U.S. Solicitor General Donald B. Verrilli, Jr., asked the Court to go almost as far as Hansen did on naturally occurring gene extraction, but urged the Court to allow the patenting of synthetic DNA molecules — something that Justice Anthony M. Kennedy cleverly described as “economy-class gene.” (Myriad’s challengers oppose patents even on synthetic gene combinations.)
No one on the Court was in doubt that Myriad would have been entitled to a patent if it found some unique way to make use of the genes it has isolated, but the Justices drew a sharp distinction between creative applications and the core natural item, the gene itself. But that is a legal distinction, between a natural product and its uses, and the Myriad case in some ways involves a patent that sort of straddles the two.
With Justices Stephen G. Breyer and Sonia Sotomayor displaying what appeared to be the nearest approximation of some scientific understanding of human genetics, the other Justices who took an active part generally tried to stay away from those specifics, and to find ways to simply describe what Myriad’s scientists had done with its extraction of human genes.

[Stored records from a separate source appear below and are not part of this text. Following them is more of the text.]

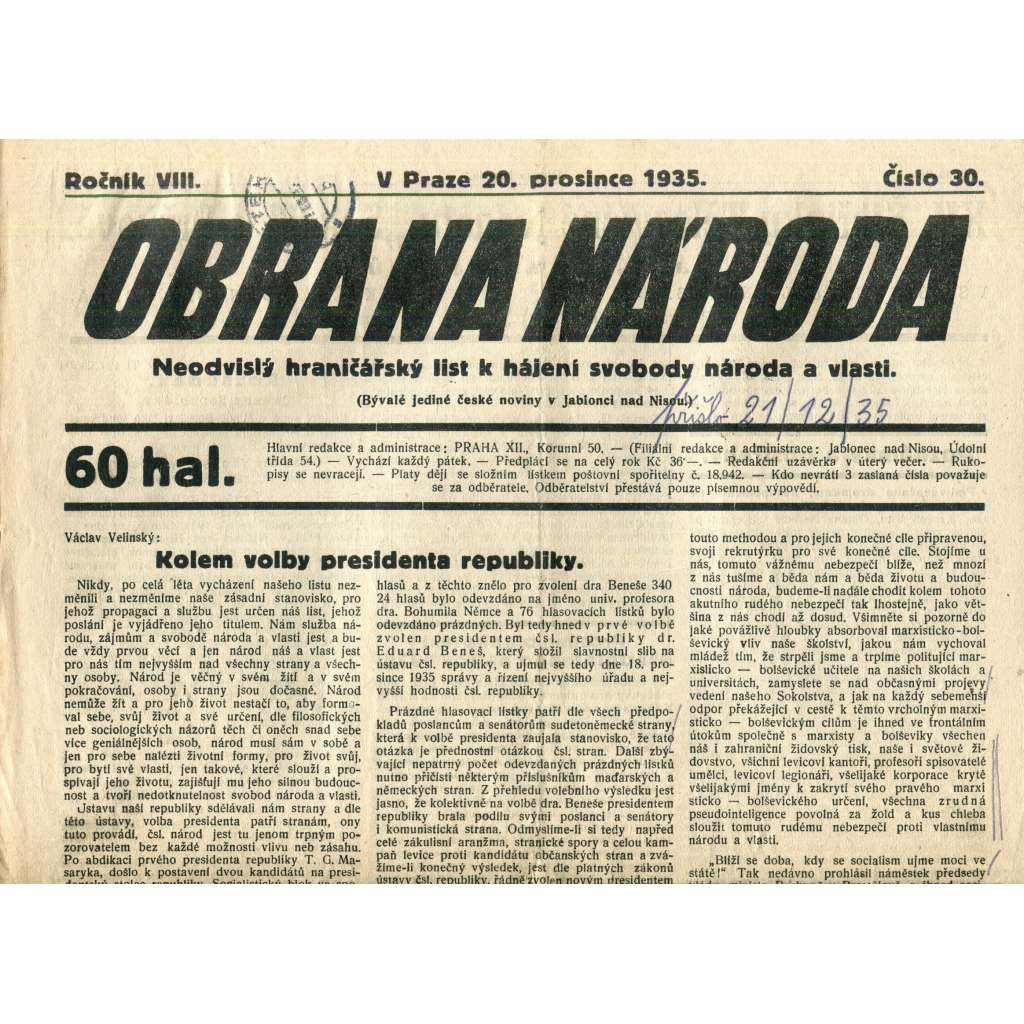 Obrana národa 20.12.1935 (antisemitismus, antisemitské, protibolševické noviny)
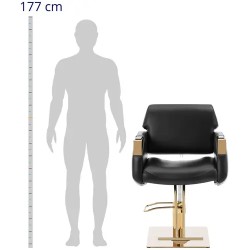 Kampaajan tuoli jalkatukella, 480-630 mm, 200 kg, musta/kulta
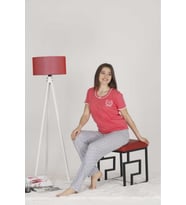 Teknur Kadın Modal Kumaş Kısa Kol PijamaTakımı T-72652 - Fuşya - M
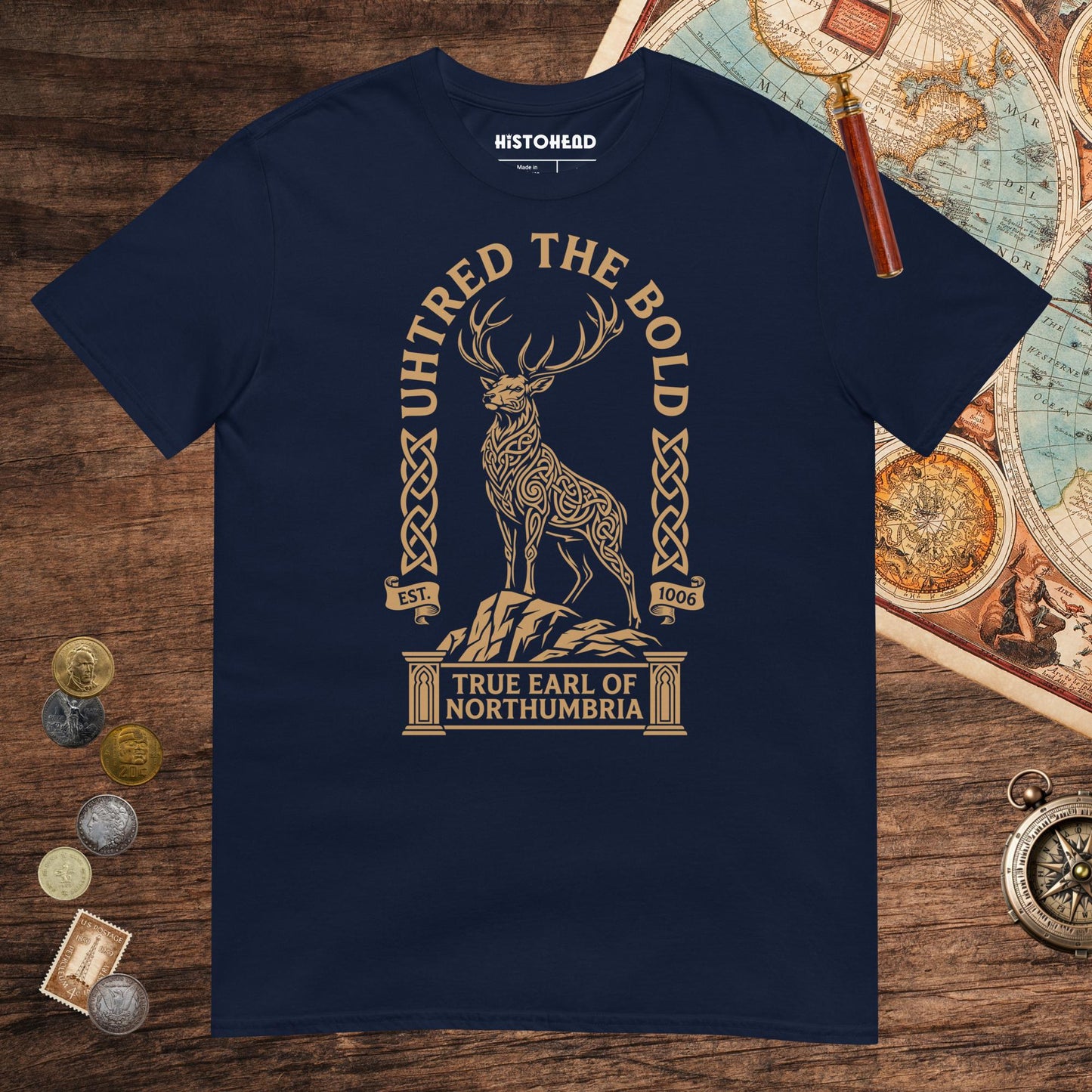 Navy Uhtred the Bold Tee - history buff gift by HistoHead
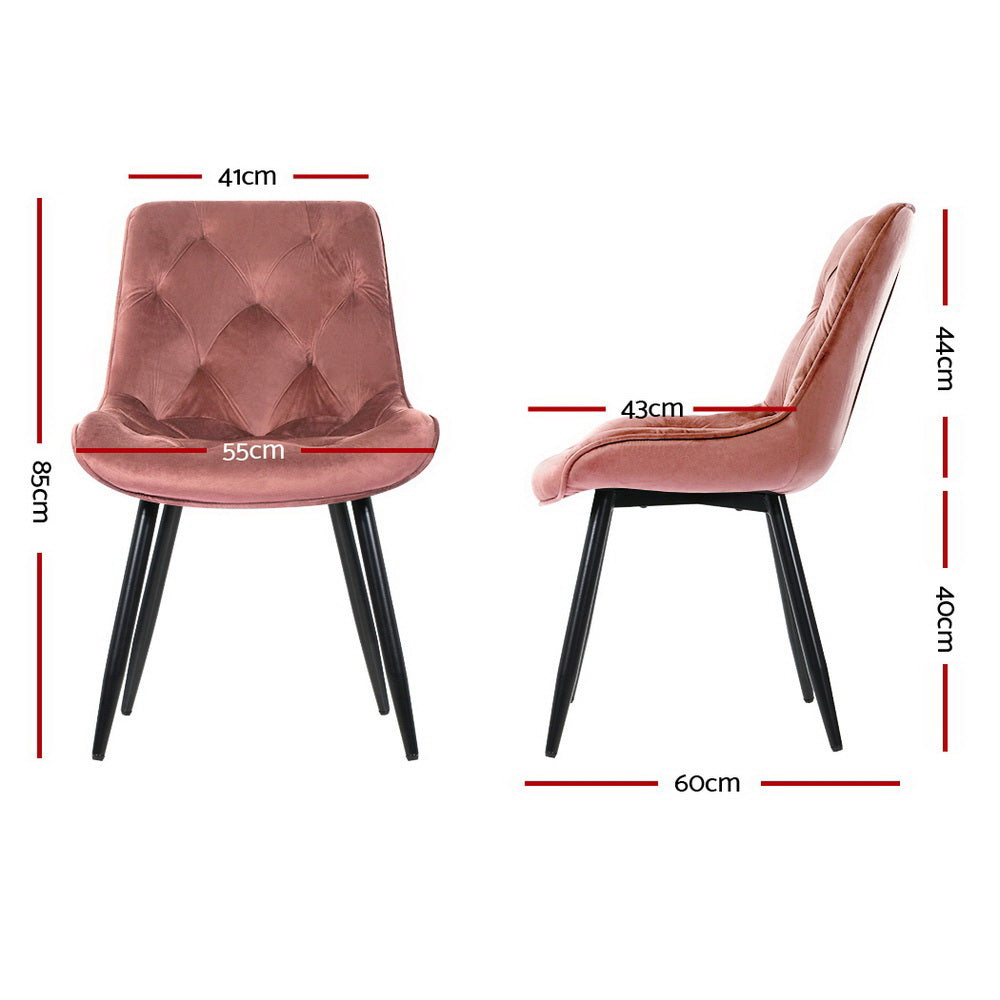 Starlyn Dining Chairs Set of 2 Velvet Diamond Tufted Pink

Chief Justice Roberts came up with a simplification that other Justices found quite useful. All that Myriad had done, he suggested, was taking a string of molecules out of the body, and “snipping” it off.
But the Court got even more comfortable stepping away from any scientific analysis, and pondering examples of how to turn a product of nature into something that would benefit society. There were two that captivated the Court: the baseball bat that is something that comes from nature — a tree — but becomes something very different, and the leaf or sap of an Amazonian plant that has curative potential for human disease.
The Justices worked, and at times over-worked, those examples, but it was clear that they were regarded as highly serviceable ways to think about Myriad’s patents. And that might well be ominous for Myriad, since each of the examples made highly vivid the existence of two products: the natural one, and then something else that someone had the genius to create out of it. The tree can’t be patented, and neither can the plant while it grows in the forest in the Amazon, the Justices kept pointing out.
Myriad, of course, has argued that it did invent something with the extracted genes, but its lawyer struggled on Monday to try to differentiate that from the tree and the bat, and the Amazon plant and its sap.